## YOUR ASSIGNMENT
From the records that follow, return exactly the lines beginning at the one that contains "EPIC H-BE 6" and ending at the one that contains "Econo Lodge Inn", pictures left out.

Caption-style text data
----------

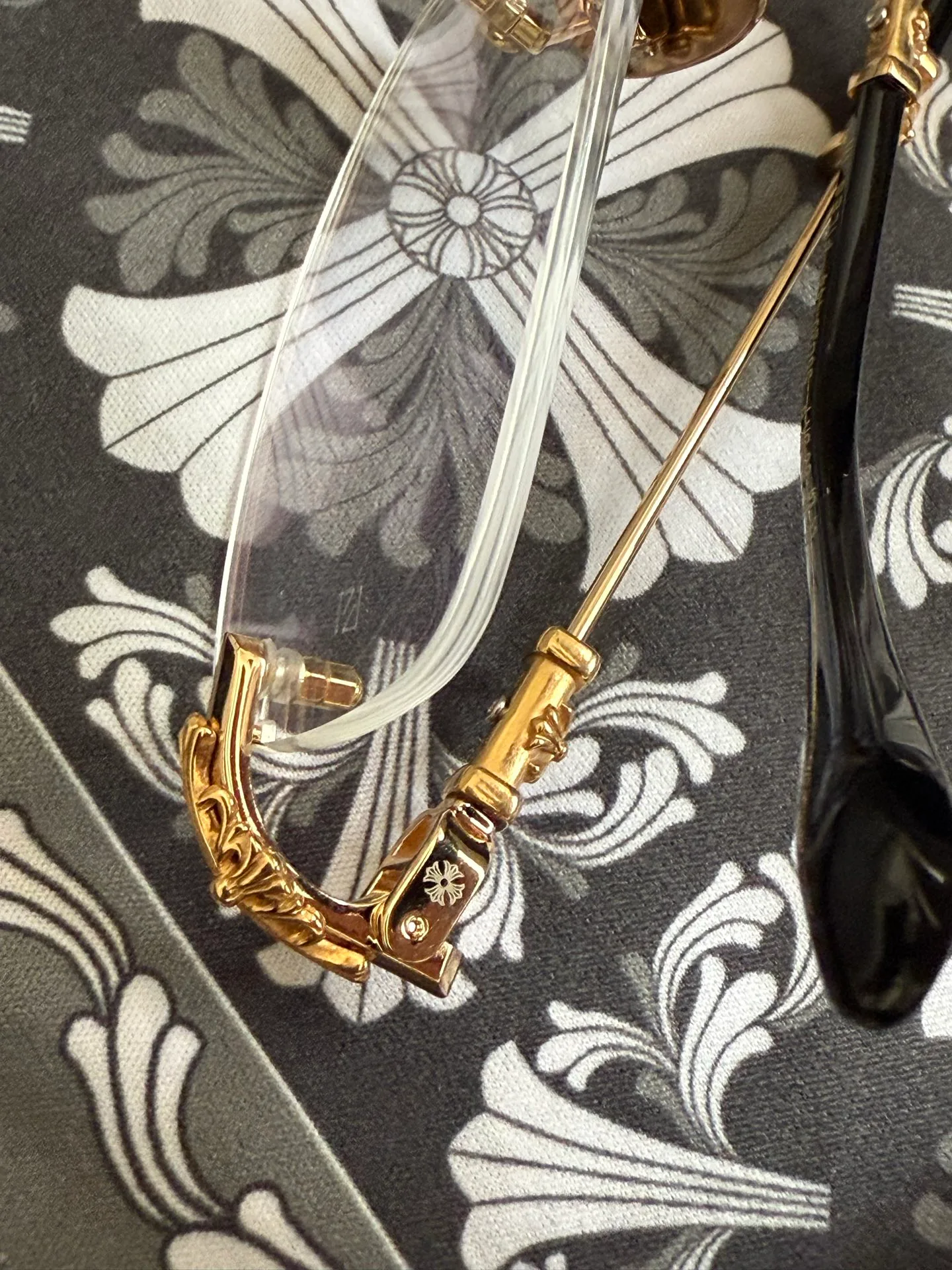 Очки Chrome Hearts 18350362
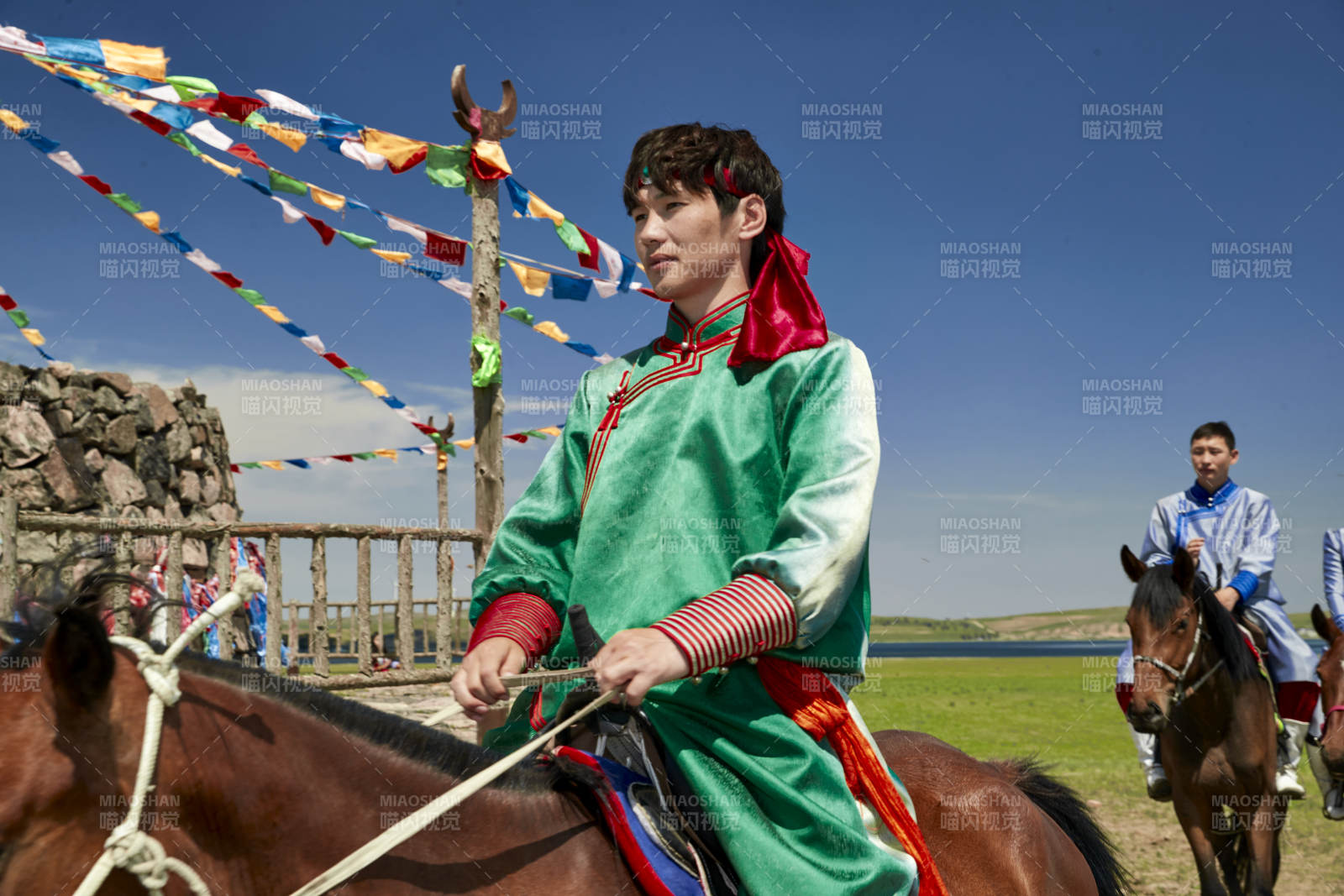 草原那达慕大会上骑着马的蒙古演员图片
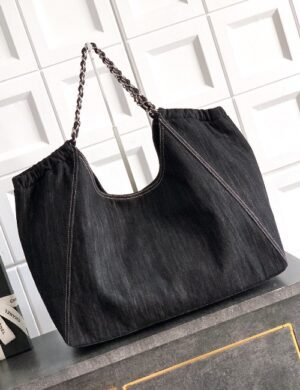 Chanel Classic Quilted Flap Bag - Image 2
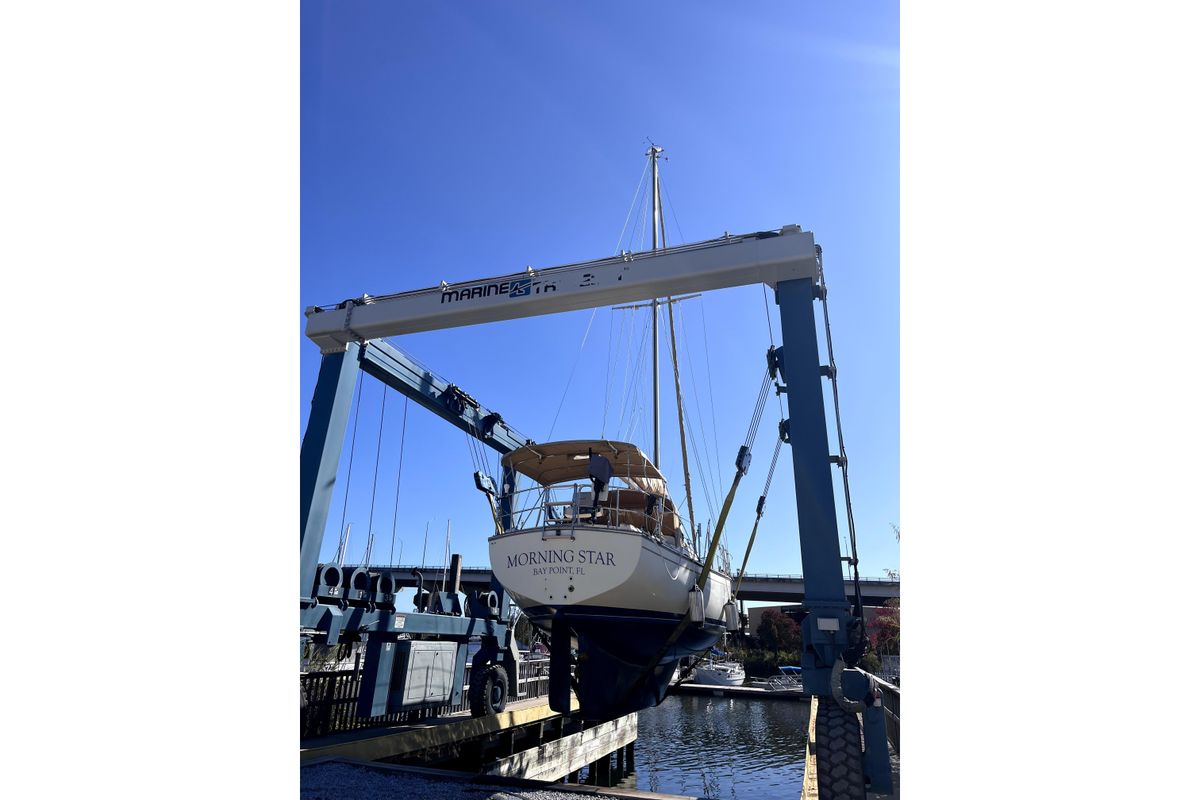 1994 Island Packet 35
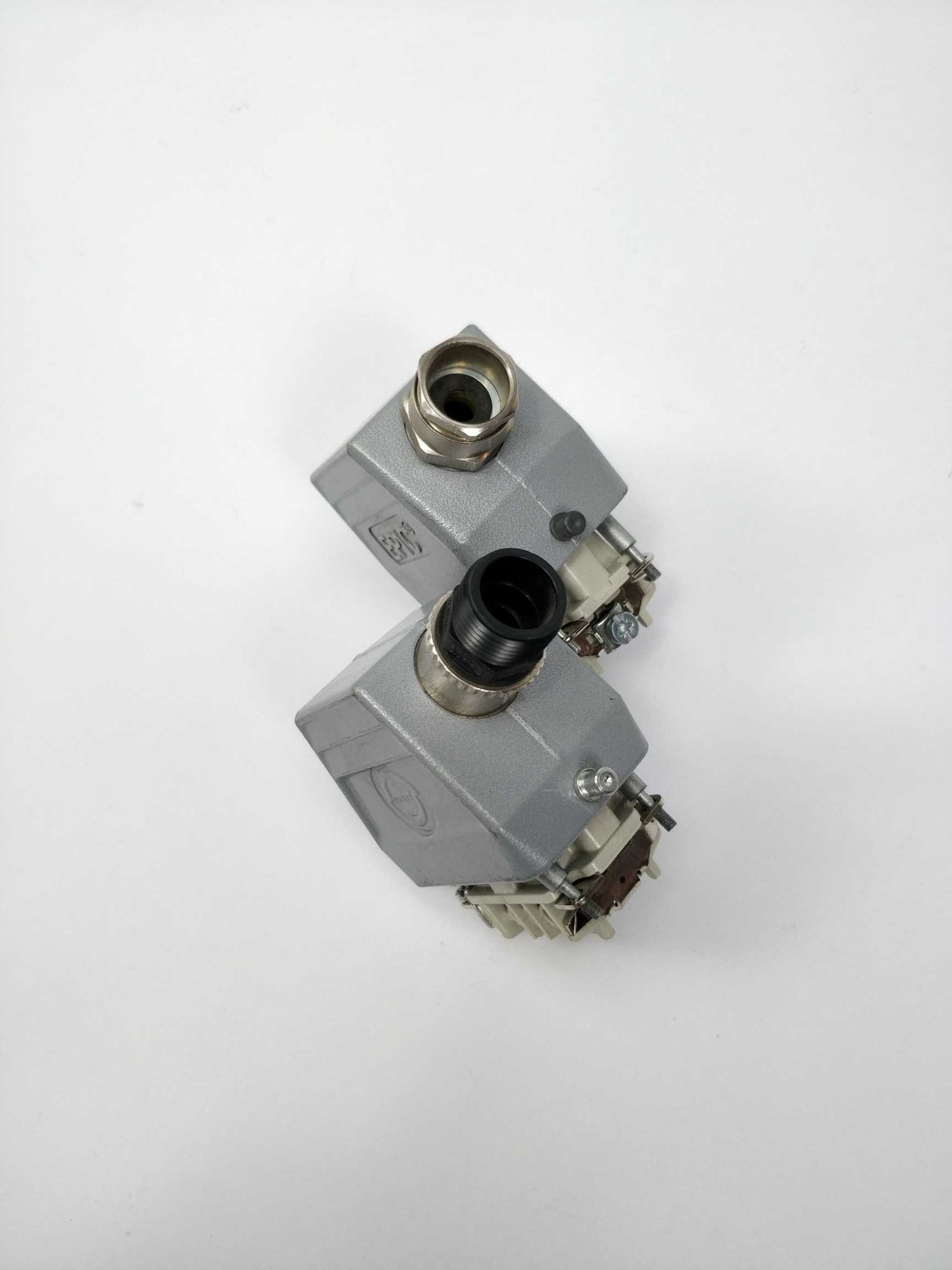 EPIC H-BE 6 BS 10191000 With H-BE 6 SS 10190000 Male and Female Power Connectors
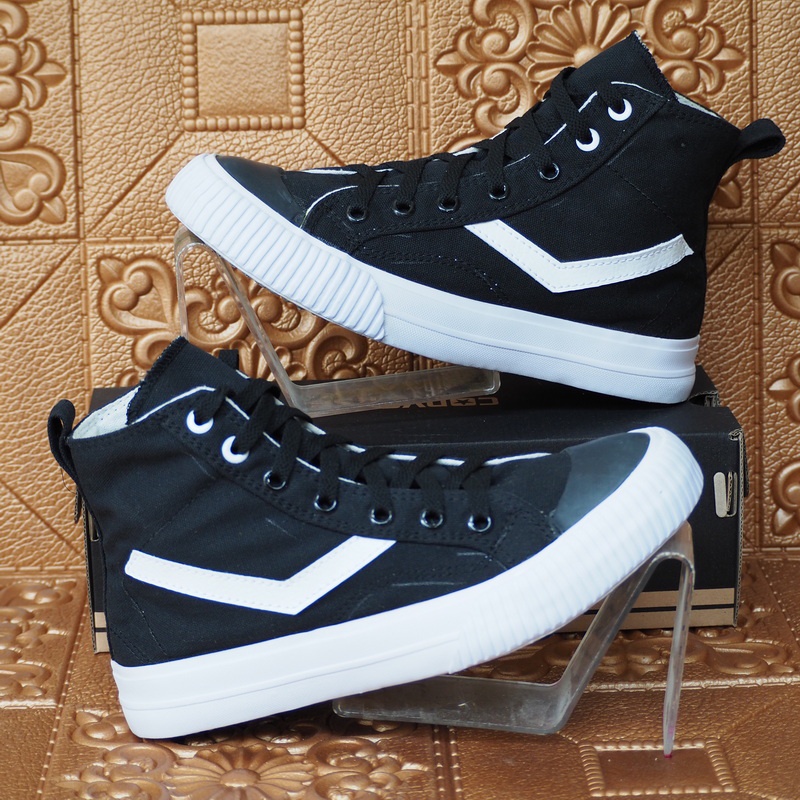 SEPATU SNEAKERS PRIA TINGGI CASUAL BAHAN KANVAS TEBAL 12OS LIKEORI HIGH BIRUNAVY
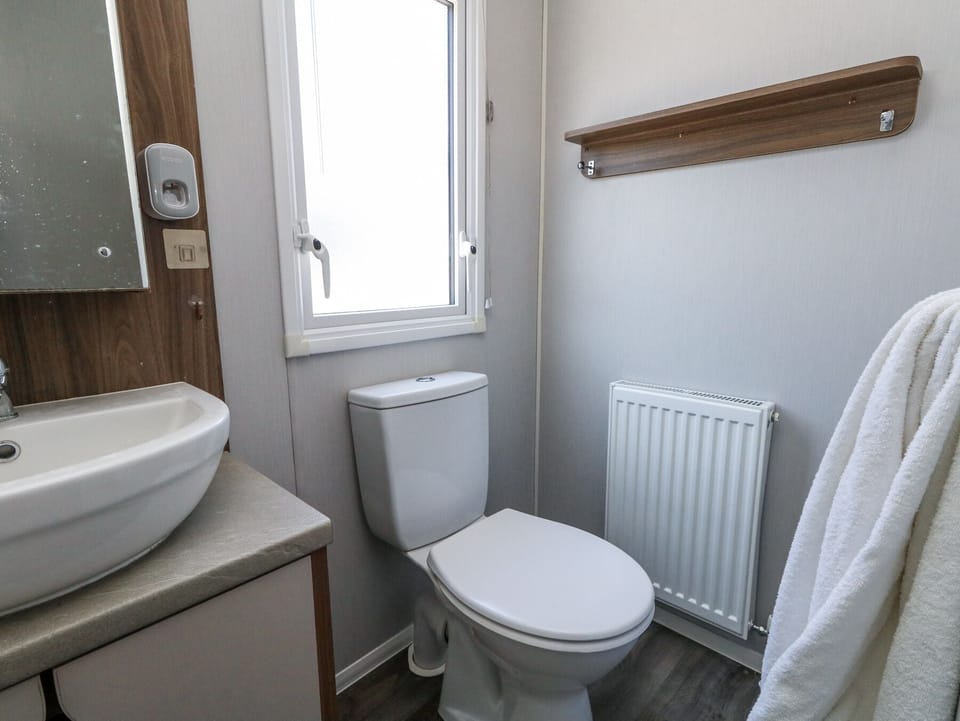13 Sunset Terrace Rockley Park Cottage in Poole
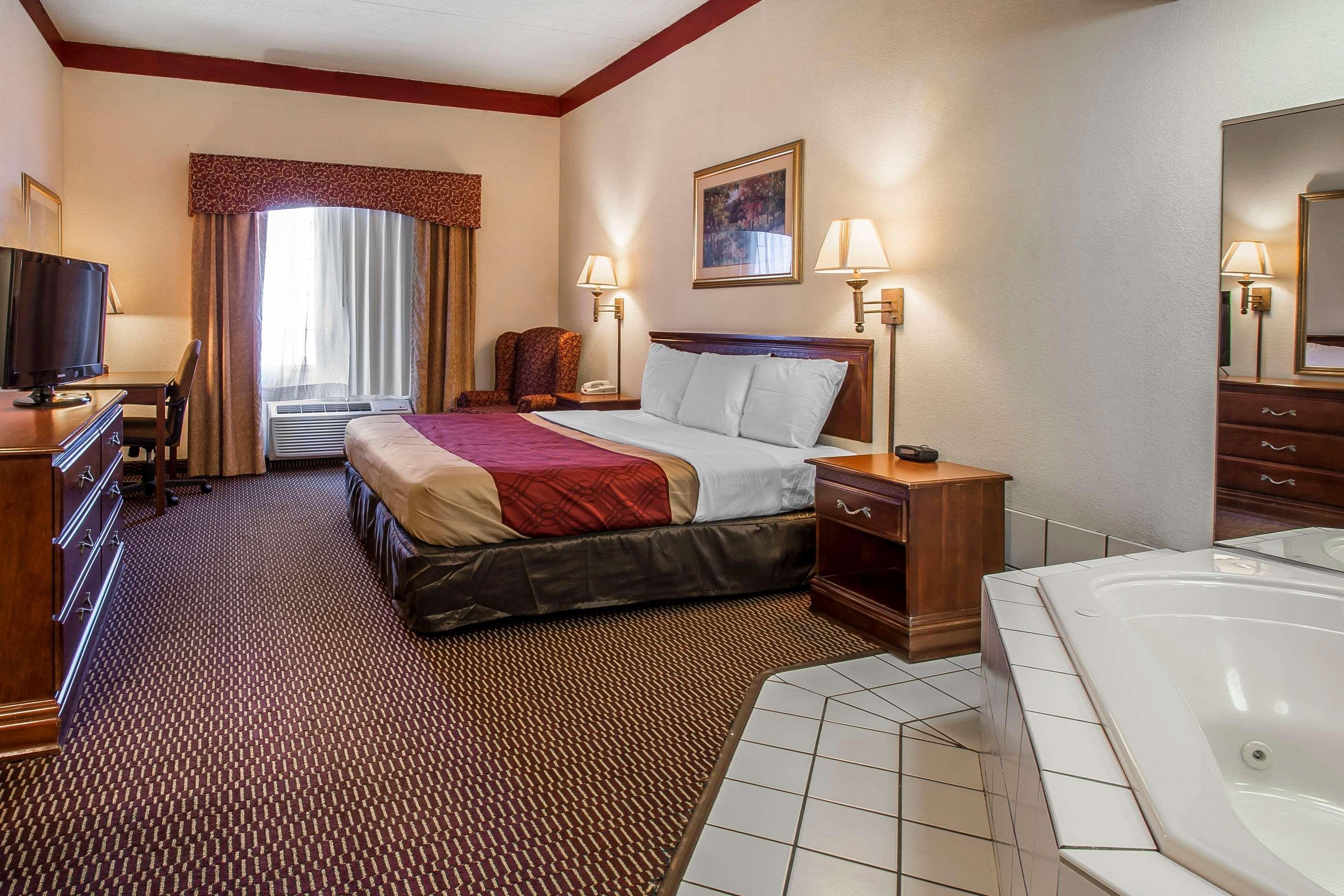 Econo Lodge Inn & Suites Marianna Bagian luar foto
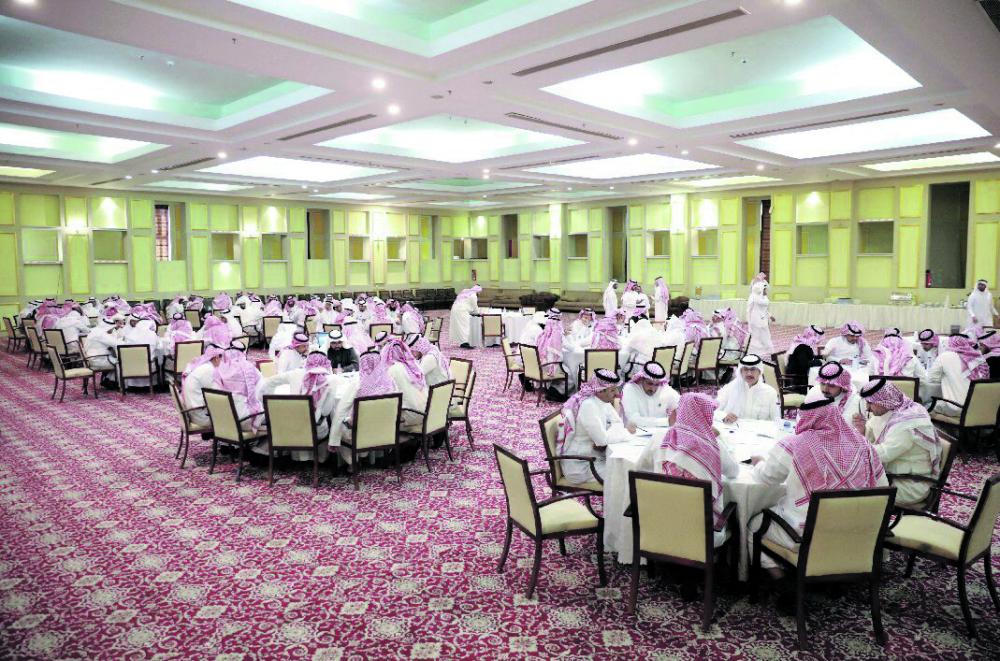 مناقشة المعايير الوطنية لمناهج التعليم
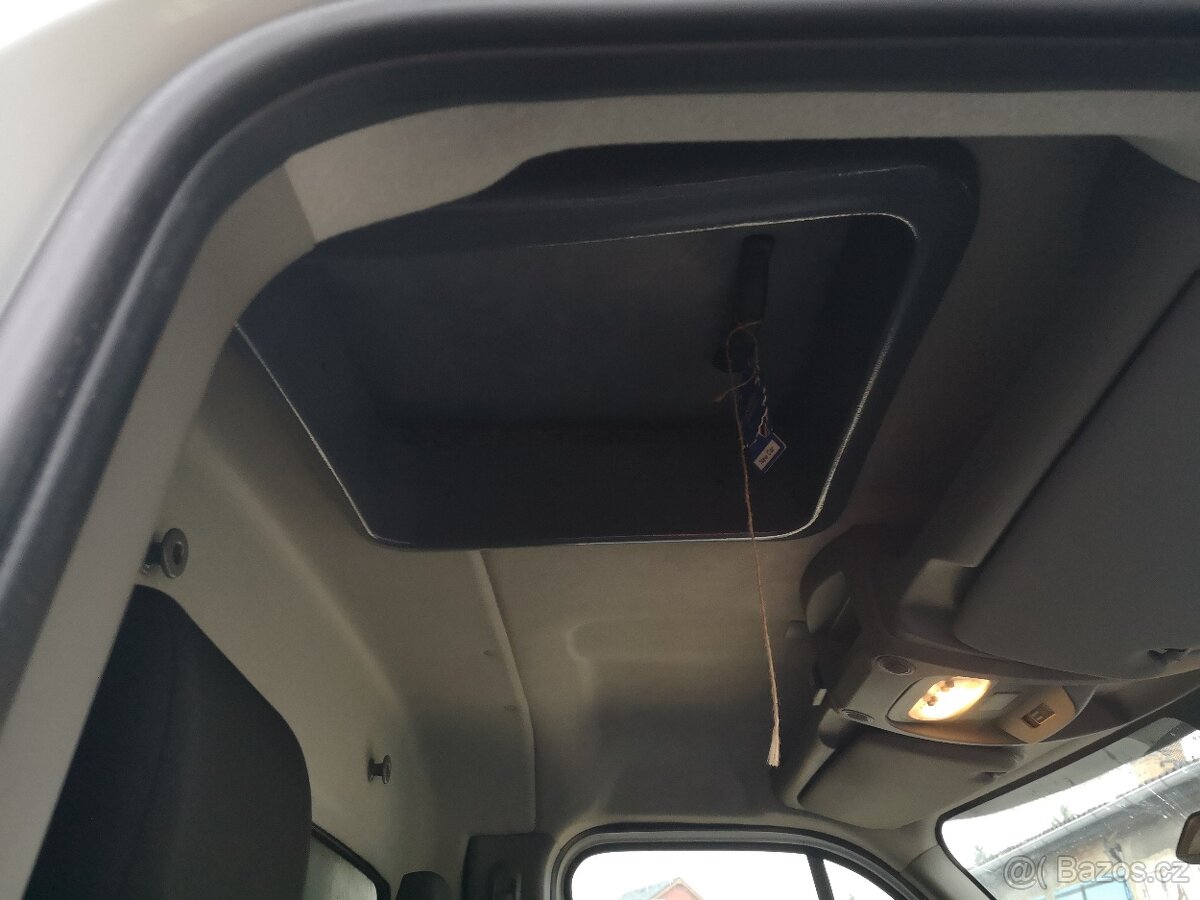 RENAULT MASTER VALNÍK-PLACHTA-10TI PALETA - 9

----------

## RESPONSE
 EPIC H-BE 6 BS 10191000 With H-BE 6 SS 10190000 Male and Female Power Connectors
 SEPATU SNEAKERS PRIA TINGGI CASUAL BAHAN KANVAS TEBAL 12OS LIKEORI HIGH BIRUNAVY
13 Sunset Terrace Rockley Park Cottage in Poole
 Econo Lodge Inn & Suites Marianna Bagian luar foto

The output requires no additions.